Recensione: Descent into Hell
A volte ci sono band che giungono all’agognato traguardo del primo full-length subito o quasi, appena formate, a volte ci sono altre realtà per le quali ciò rappresenta un sogno o, peggio ancora, una chimera.
Quest’ultimo è il caso dei cileni Death Yell che, dopo aver dato alle stampe un demo leggendario nel circuito underground, “Vengeance from Darkness” (1989), si sono persi nelle nebbie del tempo dal 1993 sino al 2013, data di di reunion dalla quale, dopo ancora quattro anni, ha visto finalmente la luce “Descent into Hell”, l’ambita Opera Prima.
I Death Yell macinano death metal, tuttavia spurio, della forma incrociata con il thrash e il black che, un nome su tutti, si era delineata con precisione alla fine degli anni ottanta: quella dei Morbid Angel. Il platter è una mostruosa macchina da guerra, fitta di song dal potenziale devastante, ove l’aggressività è spinta ai massimi livelli possibile. Grazie al ripetuto uso dei blast-beats, a delle linee vocali senza compromessi in ordine a pietà e misericordia ma, soprattutto, in virtù di un riffing incessante, totale, avvolgente. Pulga e Pollo formano una coppia affiatata e concreta, molto consistente nell’eseguire a puntino il proprio compito demolitore e trituratore.
‘Descent into Hell’, la title-track, tanto per citarne una, spacca letteralmente la scatola cranica con la forza di riff violentissimi, veloci, letali, resi possenti da una sezione ritmica che non perde una battuta, che non dà un attimo di tregua. Come insegna la loro storia, i Death Yell non sono dei novellini, e si sente: la tecnica è molto, molto buona, capace di consentire loro di spingersi oltre i limiti della follia senza mai perdere la via maestra, restituendo sempre e comunque un suono pieno, carnoso, poderoso, soprattutto chiaro e assai leggibile.
Lo stile, però, è quello che è: gli anni passano e restare ancorati ai dettami in voga oltre venti anni fa non ha consentito alla band di sviluppare appieno il suo – probabilmente – ottimo livello artistico.
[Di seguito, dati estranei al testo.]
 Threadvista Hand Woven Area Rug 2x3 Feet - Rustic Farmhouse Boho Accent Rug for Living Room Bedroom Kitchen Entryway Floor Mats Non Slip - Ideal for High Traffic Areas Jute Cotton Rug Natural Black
Insomma, o questa o quella song hanno il sapore di già sentito anche se, giova ripeterlo, la determinazione ed energia messa in campo dai Nostri (‘Cries of the Nazarene’) è in assoluto di primo piano, anche e soprattutto a livello internazionale.
C’è anche qualche somiglianza di troppo con gli Slayer (‘Betryed Chastity’), a peggiorare un po’ il tutto, anche se i sudamericani sono troppo bravi per non oltrepassare con facilità la sufficienza generale. Pure le tematiche, forse ancora interessanti a cavallo dei due ultimi decenni del secolo scorso, hanno fatto ormai il loro tempo, appesantendo inutilmente l’intero lavoro con rimandi a cliché triti e ritriti.
Alla fine non rimane che constatare con dispiacere che i Death Yell avrebbero sicuramente fatto faville, all’epoca della loro nascita, se fossero stati forniti della chance di poter incidere uno studio-album. Così non è stato con il risultato che, oggi, il tutto appare datato e sorpassato. Tuttavia, “Descent into Hell” è un disco che possiede parecchi punti forti a prescindere da ogni altro discorso sui tempi che passano, per cui, obiettivamente, occorre riconoscere al combo di Santiago un talento forse in grado di farli evolvere in pochissimo tempo verso forme di death metal più moderne e attuali.
Bravi comunque e… si resta in attesa della prossima prova!